Canadian-Hungarian ice hockey defenceman

Blake Orban (born 28 January 1994) is a Canadian-Hungarian former professional ice hockey defenceman. He played professional hockey in Central Europe for MAC Budapest within the Slovak Tipsport Liga and the multinational Erste Liga. At the junior tier, he captured both a Western Hockey League (WHL) title and the Memorial Cup national championship as a member of the Edmonton Oil Kings.

== Playing career ==
=== Junior ===
Orban began his major junior development in the Western Hockey League (WHL) after being drafted 65th overall by the Vancouver Giants. He skated for parts of four seasons with the Giants from 2010 to 2014, establishing himself as a physical, stay-at-home presence on the back end.

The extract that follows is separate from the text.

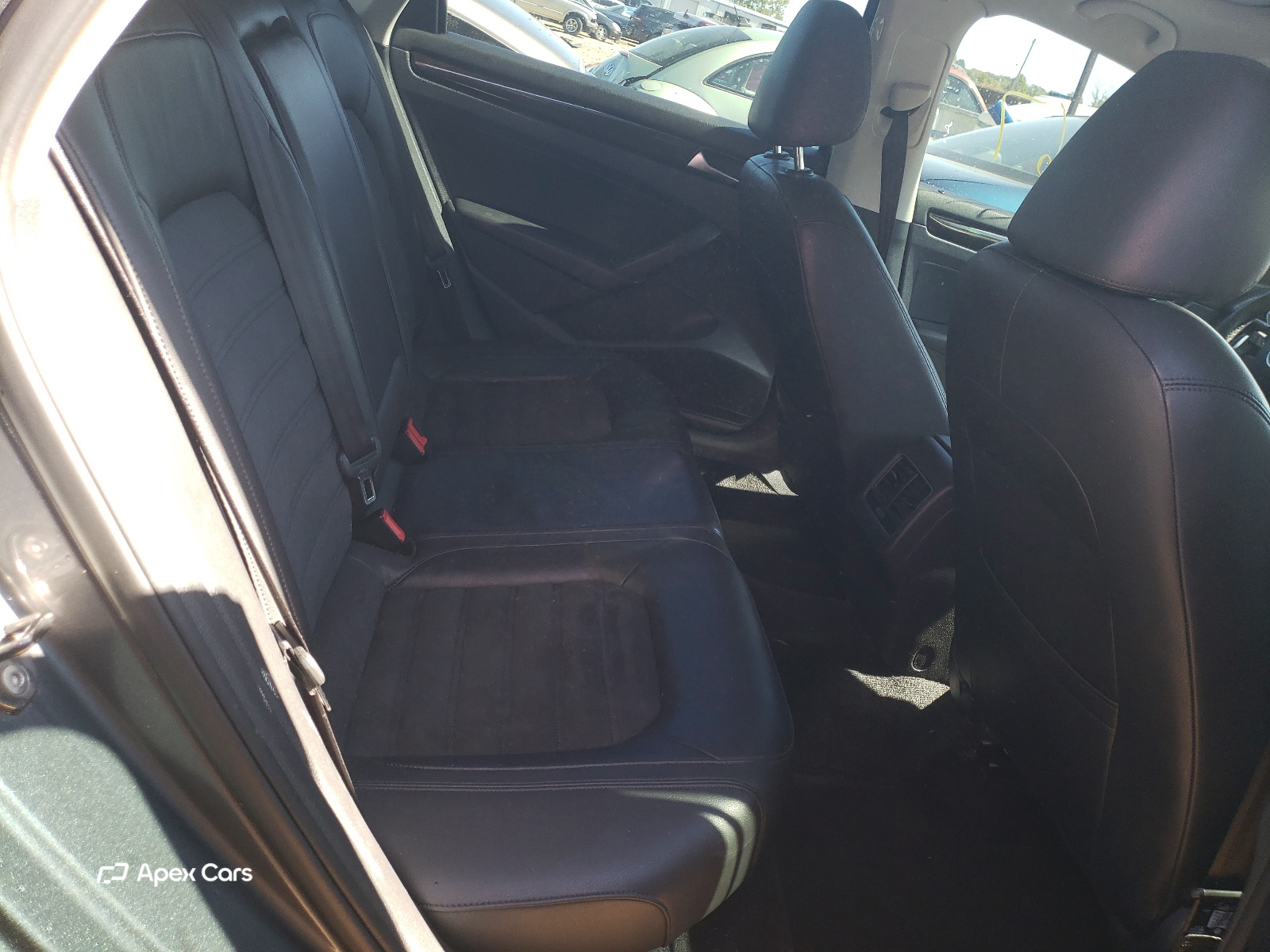 Volkswagen Passat 2014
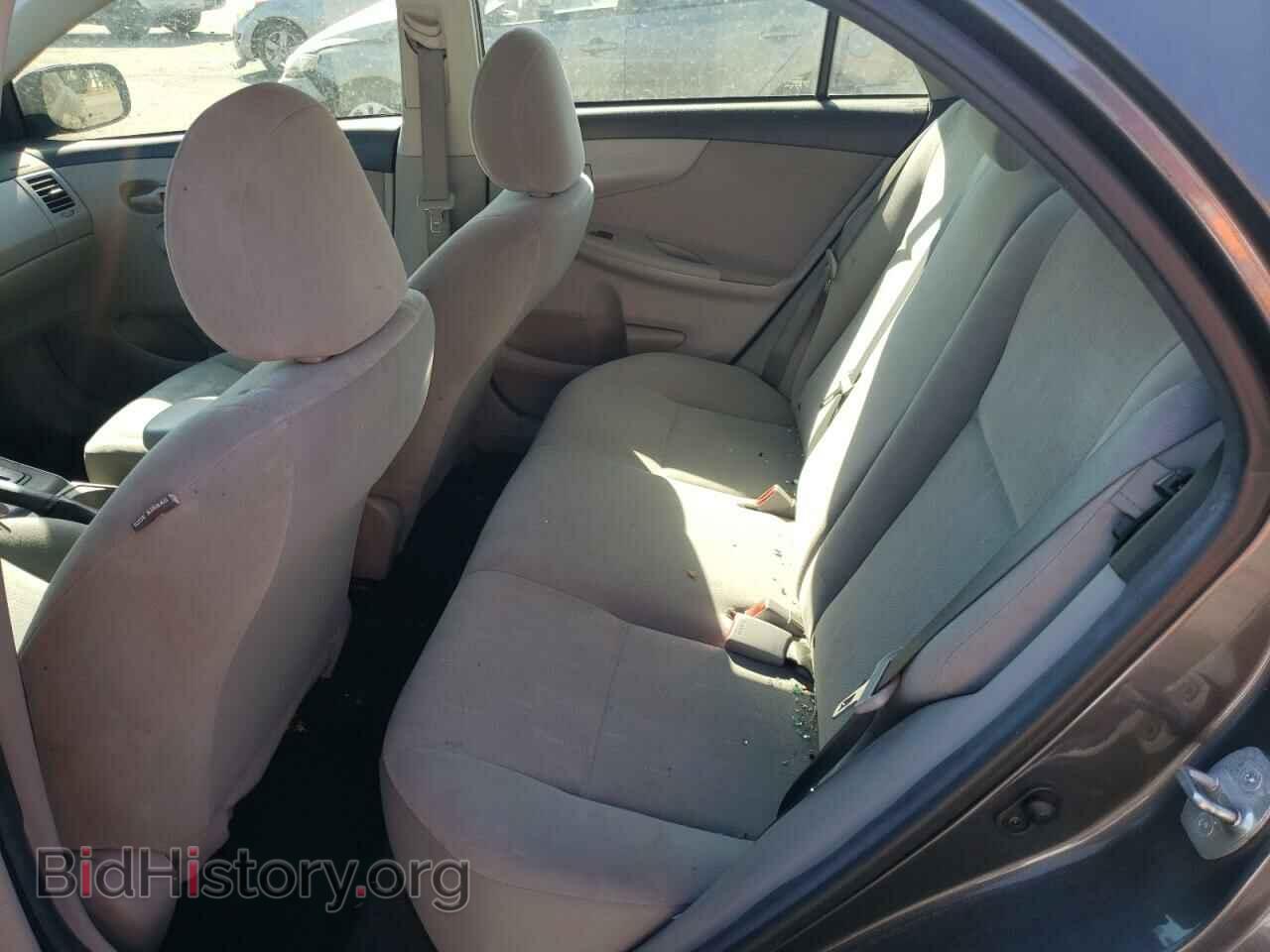 2013 TOYOTA COROLLA - VIN: 5YFBU4EE2DP129927 - Фото 6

In January 2014, mid-way through the 2013–14 WHL season, Orban was acquired by the Edmonton Oil Kings to serve as a reliable depth piece for their postseason championship aspirations. He made 29 regular-season appearances for Edmonton down the stretch, followed by 16 playoff games as the Oil Kings captured the Ed Chynoweth Cup as WHL champions. The team advanced to the 2014 Memorial Cup national tournament in London, Ontario, where Orban and the Oil Kings defeated the Guelph Storm in the championship game to claim the Canadian Hockey League title. Orban returned to Edmonton for an overage senior season in 2014–15, logging an alternate captaincy role and posting a junior career-high 25 points in 72 games.

=== Collegiate ===
Following his junior career, Orban opted to use his CHL scholarship packages to pursue university hockey in Canada. He committed to the University of Lethbridge, joining the Pronghorns men's ice hockey program in U Sports. He played four full seasons of Canadian university hockey from 2015 to 2019, appearing in 97 career games for Lethbridge while anchoring their primary penalty-killing units and shutdown pairings.

=== Professional ===
Upon wrapping up his collegiate timeline, Orban signed his first professional contract overseas ahead of the 2019–20 season, traveling to Europe to join Hungarian club MAC Budapest (then competing as MAC Újbuda). The move allowed him to skate alongside his cousin, forward Brance Orban.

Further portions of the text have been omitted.